Please Don’t Take That Counteroffer!

My heart sinks when someone tells me they plan to accept a counteroffer. While my standard response is something measured like, “Let’s talk through the pros and cons,” my internal response is, “NO, please don’t take that counteroffer!” Here are some of the reasons why:

– Once you tell an employer you were thinking of leaving, your loyalty to the employer is now in question. You will be less likely to be given work with significant visibility and responsibility and if the company decides to downsize, you are more likely to be chosen to be let go.

Don't Take Counteroffer

– You may be tempted by the counteroffer because the new job offer’s level of compensation is significantly higher than your current compensation. Maybe your current employer offered to match or exceed it. However, your current employer is a poor judge of value if they are currently paying you much less than the new job offer that was extended to you. Why didn’t they act sooner to compensate you in line with your market value?
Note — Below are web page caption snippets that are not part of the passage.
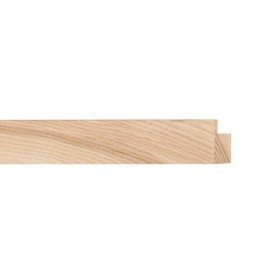 ENCADREMENT ( SANS VERRE ) "SOLID WOOD" FRÊNE (SECTION CADRE : 20-30 (L X H mm)) Eurobaguette 1 - Colorart 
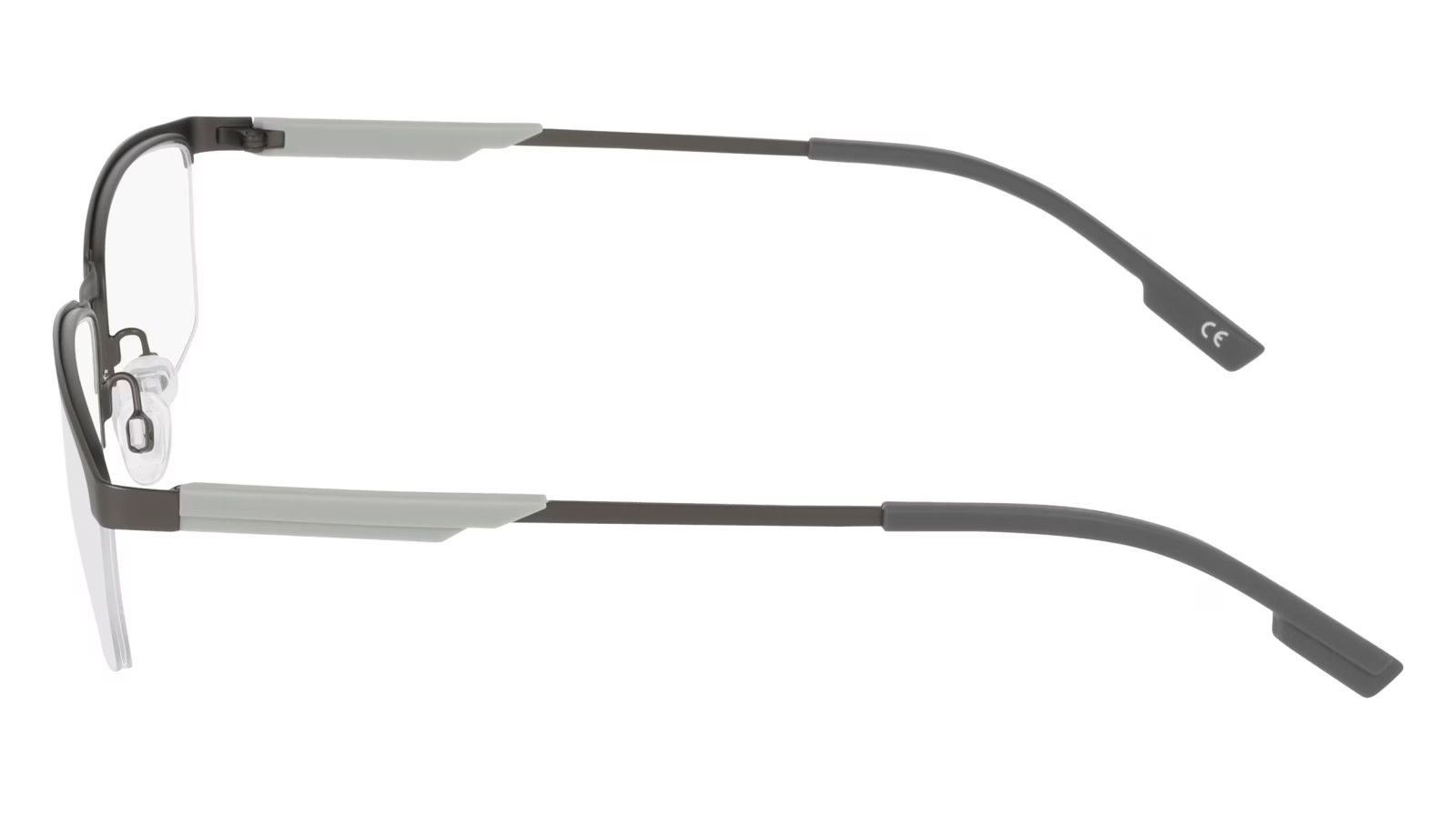 Flexon E1165 6 Flexon E1165 072 - Satin Dark Gunmetal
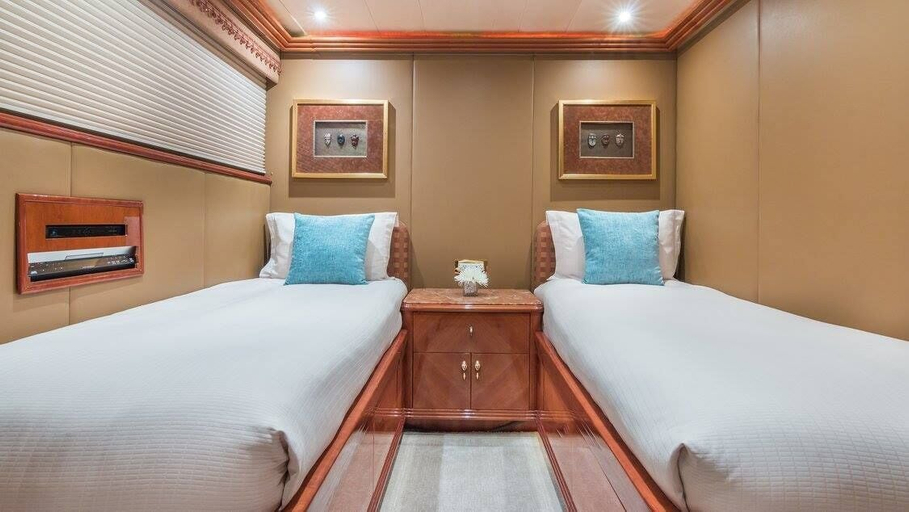 Bedroom, Stonehedge at Sea, Broward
– Your current employer may make promises to retain you but how long will their good behavior last? Once you reject the new employer’s offer, you no longer have the leverage of the new job offer to use as a bargaining chip and the employer may revert back to their previous way of behaving that caused you to consider leaving in the first place. Once you let the new job offer go, your employer may even be retaliatory.
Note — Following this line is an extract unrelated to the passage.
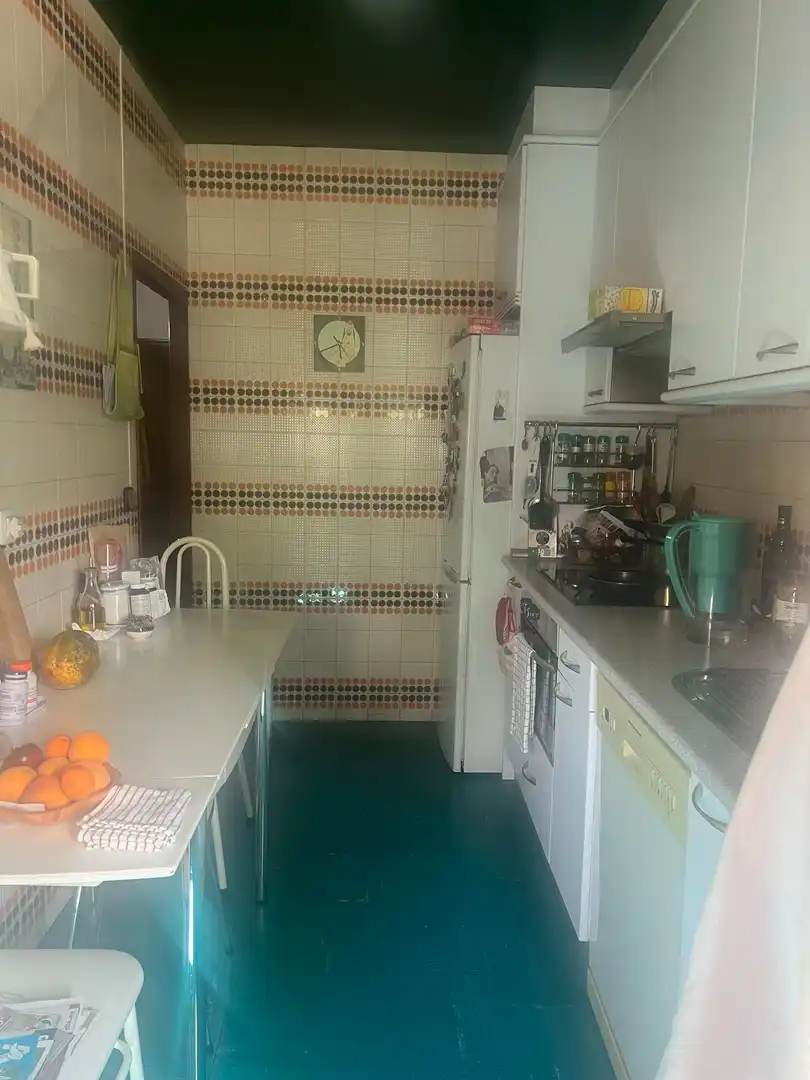 Küche von Wohnung zum Verkauf in Getafe mit Klimaanlage und Heizung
Joe Kotlinski, Partner and Manager of IT Search at staffing firm WinterWyman says,

“Accepting a counteroffer is almost always a bad move. You may feel good after receiving one, but what you may have gained will likely come with a cost. Keeping you is easier and less time-intensive than recruiting, interviewing, and hiring your replacement; however, accepting a counteroffer forever alters the dynamic between an employee and manager. Your manager may no longer see you as a loyal, long-term employee and he/she may think twice before giving you the next exciting project or considering you for the next promotion. Furthermore, if layoffs occur, you may be one of the first to go.

Beyond a changed dynamic, your manager may now be suspicious of you. Every time you have a doctor appointment or leave early for your kid’s recital, your manager may think you’re interviewing again.

Finally, before accepting a counteroffer, just think about the reasons you wanted to leave your job to begin with – a difficult manager, long hours, no opportunity for growth, etc. All of those still exist, and they’re not going to disappear – even with more money.”

Tim Toterhi, an executive coach and the founder of Plotline Leadership, agrees that money alone isn’t the only consideration. He says,

“The bigger issue is that people rarely jump ship for cash alone. When weighing the offers consider why you started looking in the first place. If you’ve gone through the trouble of updating your resume, taking interviews, and negotiating terms, you’re likely emotionally checked out already. Remember a counteroffer can’t fix career growth issues, poor management, or an off-putting culture.”

Rebecca McFarland, a career coach, HR professional, and founder of Pop! Your Career, adds,

“Although a little bit of extra money might feel good in the short-term, the real reasons you were staging your exit will still be there, bubbling below the surface. Time and time again, I have seen candidates give in to the temptation of a counteroffer and every single time, they have ended up leaving their role within 12 months, usually far more frustrated than they were in the first place. A counteroffer only delays the inevitable.”

What do you think? Have you ever accepted a counteroffer? How did it go long-term?